CHICAGO - On Thursday, Ohio State coach Urban Meyer faced the Big Ten media for the first time as the Buckeyes' head coach. On Friday, it was his players turn.

The second day of the Big Ten Media Kickoff Luncheon consisted of players and coaches from all 12 Big Ten teams meeting with members of the media in downtown Chicago, Ill. Representing the Buckeyes were seniors John Simon, Zach Boren, and Etienne Sabino, who discussed subjects ranging from their first seven months of playing for Meyer to their final game of the 2012 season.

Urban Era

After Ohio State hired Meyer following a 6-7 season in 2011, much of the focus during Big Ten media day focused on how the Buckeyes have responded to having the two-time national champion at the helm of their program. Boren said that the impact that his new coach has had on the program has been unmistakable.

"Coach Meyer expects a lot out of us. He puts a lot of pressure on us to be the best players that we can possibly be," Boren said. "That pressure's good, because it makes you want to go out and work every day and be the best player you can possibly be. Obviously, that will show up on the field come fall."
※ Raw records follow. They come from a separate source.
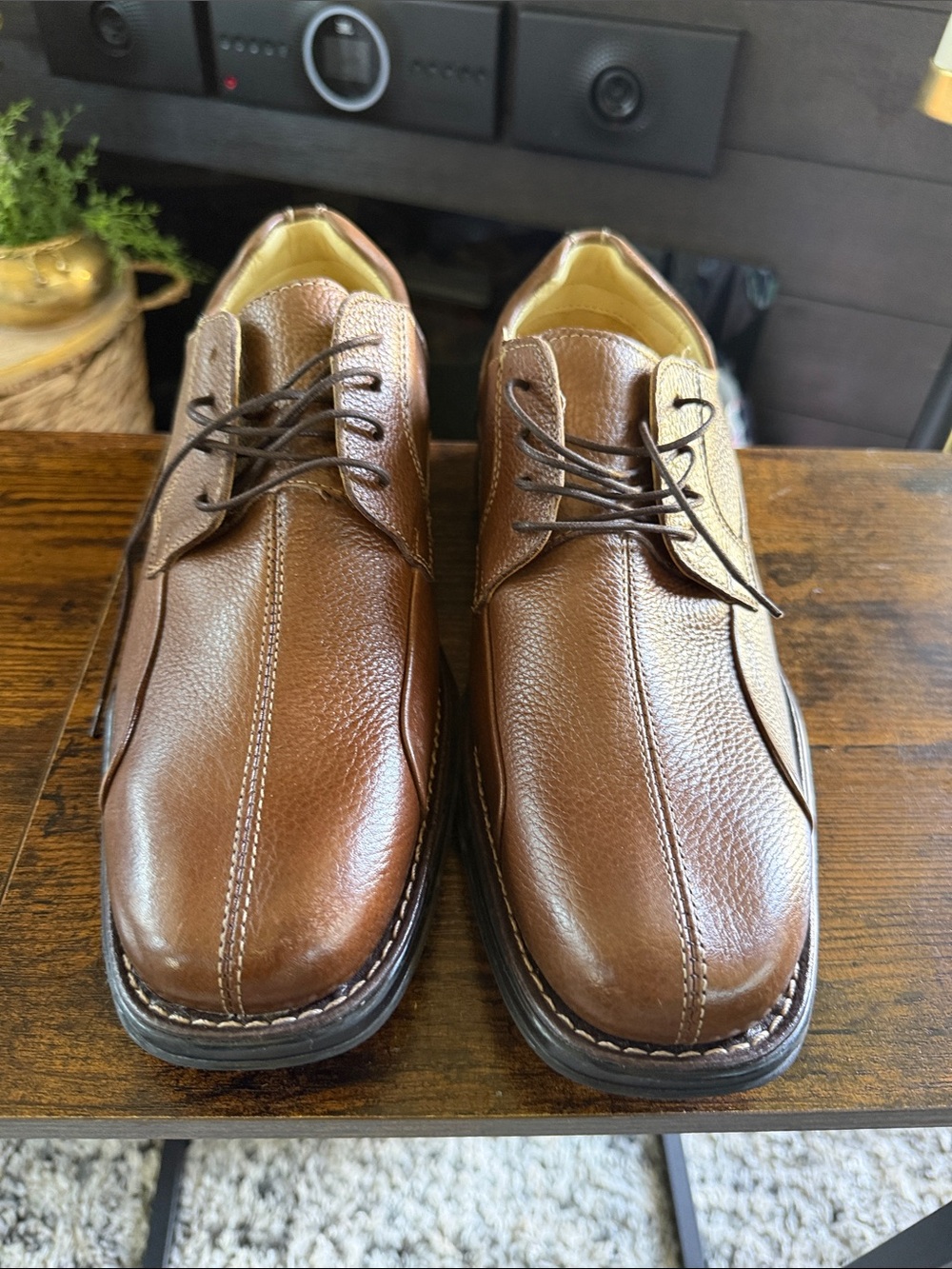 Belvedere Men's Brown Leather Lace-Up Dress Shoes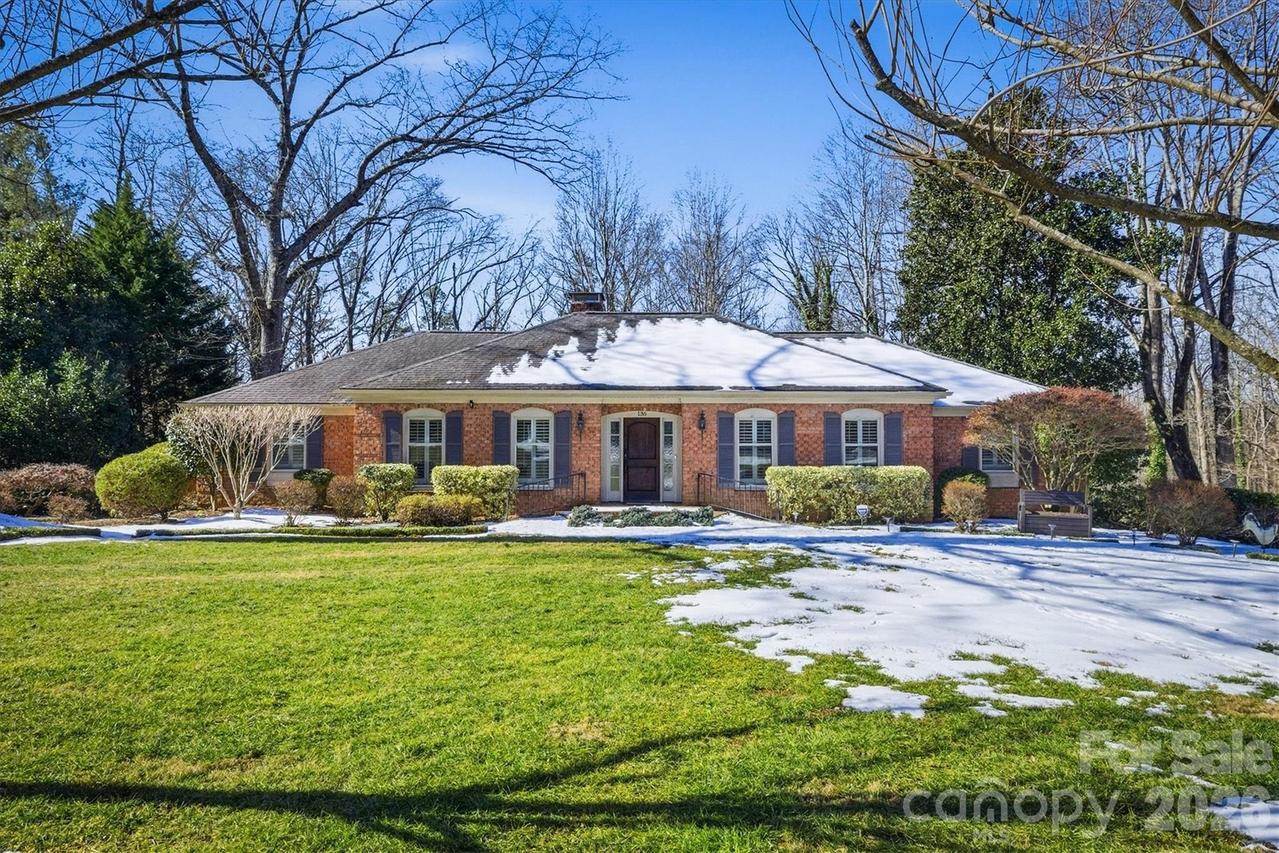 136 Mimosa Hills Dr., Morganton, NC 28655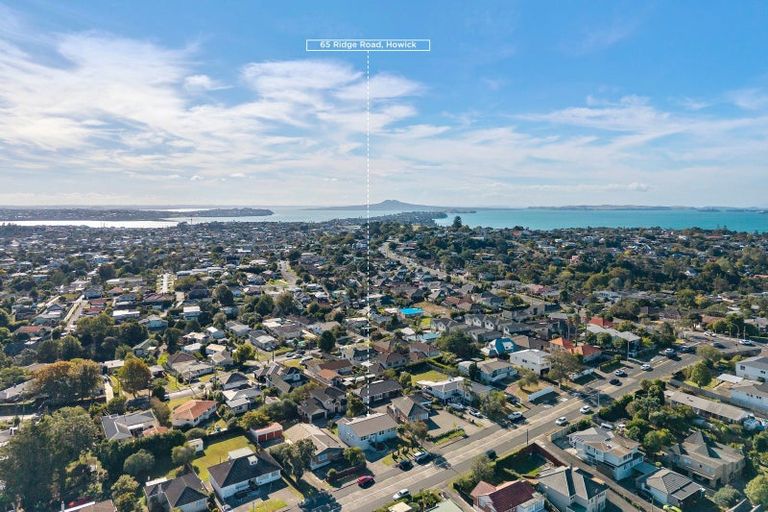 Photo of property in 65 Ridge Road, Howick, Auckland, 2014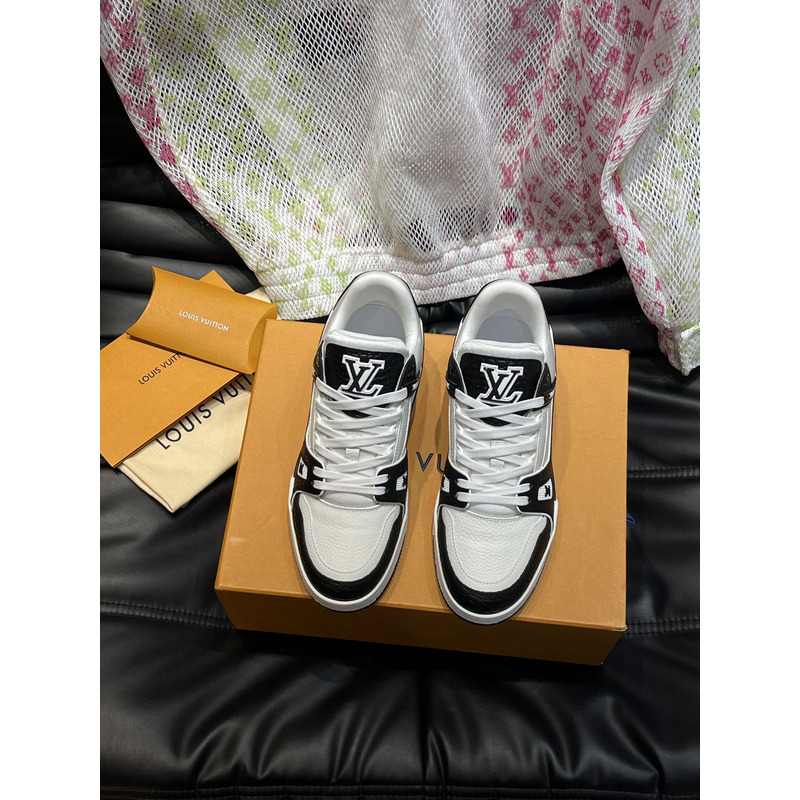 l**is V*t*n trainer sneaker monogram in black&white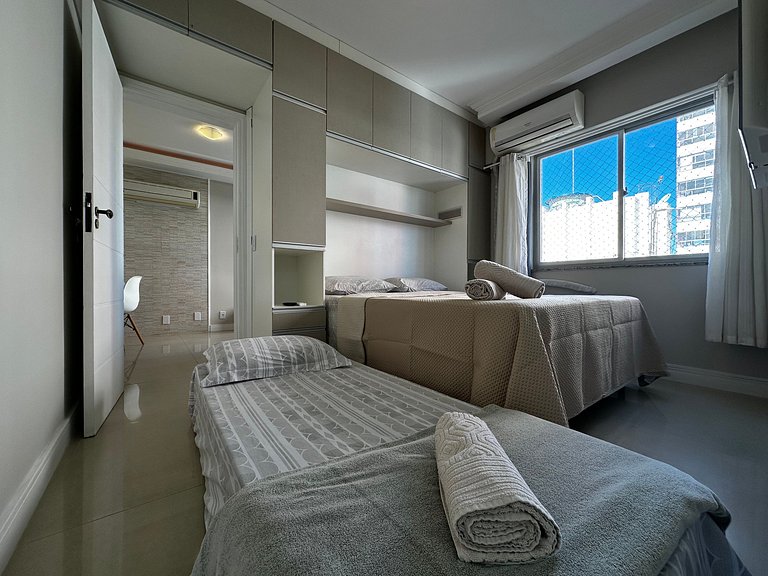 AL01- 1 Bedroom| Foot in the Sand| Sea View| Full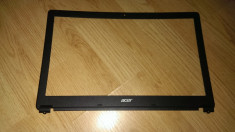 Rama display Acer Aspire E1-522 foto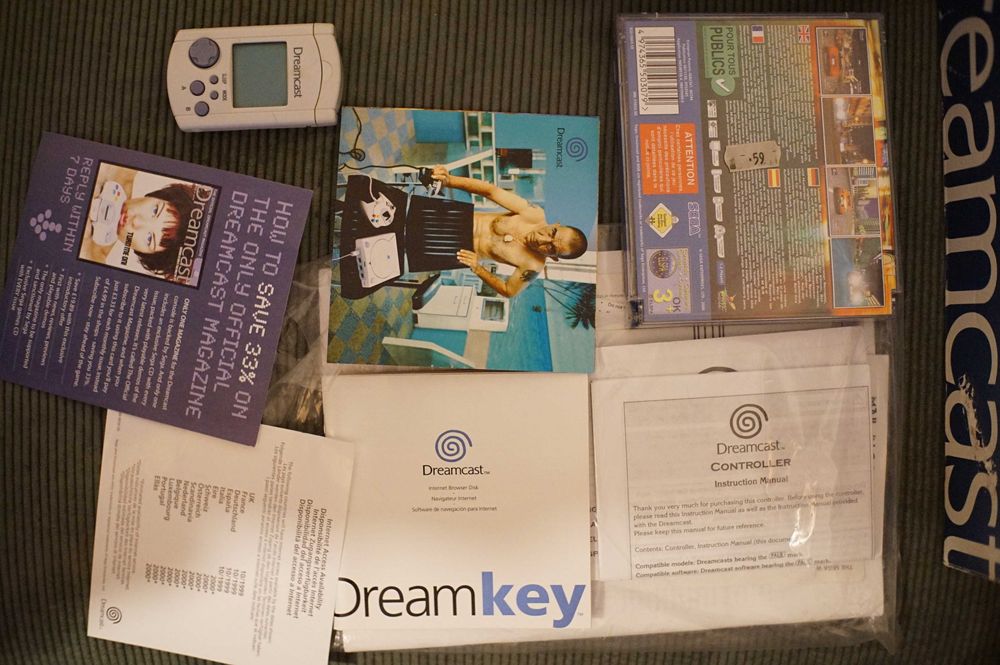 Sega Dreamcast konsola - pudełko, gra MSR, VMU, pad, kable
Playing for his third head coach in as many years, Simon was unsure of what to expect when Meyer was hired at the November 2011. After being a part of his program for less than a season now, however, it's clear that Simon has bought in to what Meyer's selling.

"I knew that he was a great coach and with the track record that he had, we were fortunate to have him hired as the coach," Simon said. "I really didn't get to know him until he came in and started opening up to us. Once people started buying into the system, he really began to open up, and you knew that he was a true Buckeye.

Camping For Character

Yesterday, Meyer announced that the Buckeyes would kickoff their first fall camp under his watch on Friday, Aug. 3. A four-year starter at fullback, Boren is aware of the impact that the fall camp period has on a team.

"Camp is when you build your personality as a team. Once we get out of camp, we'll know more about this team's personality and see how we're going to be," Boren said. "I can tell that we're hungry because of the offseason we've had and how hard guys have been working."

While camp is where a team may build its character in camp, it doesn't learn everything it needs to know about itself in July, which is a lesson that Boren learned the hard way a year ago.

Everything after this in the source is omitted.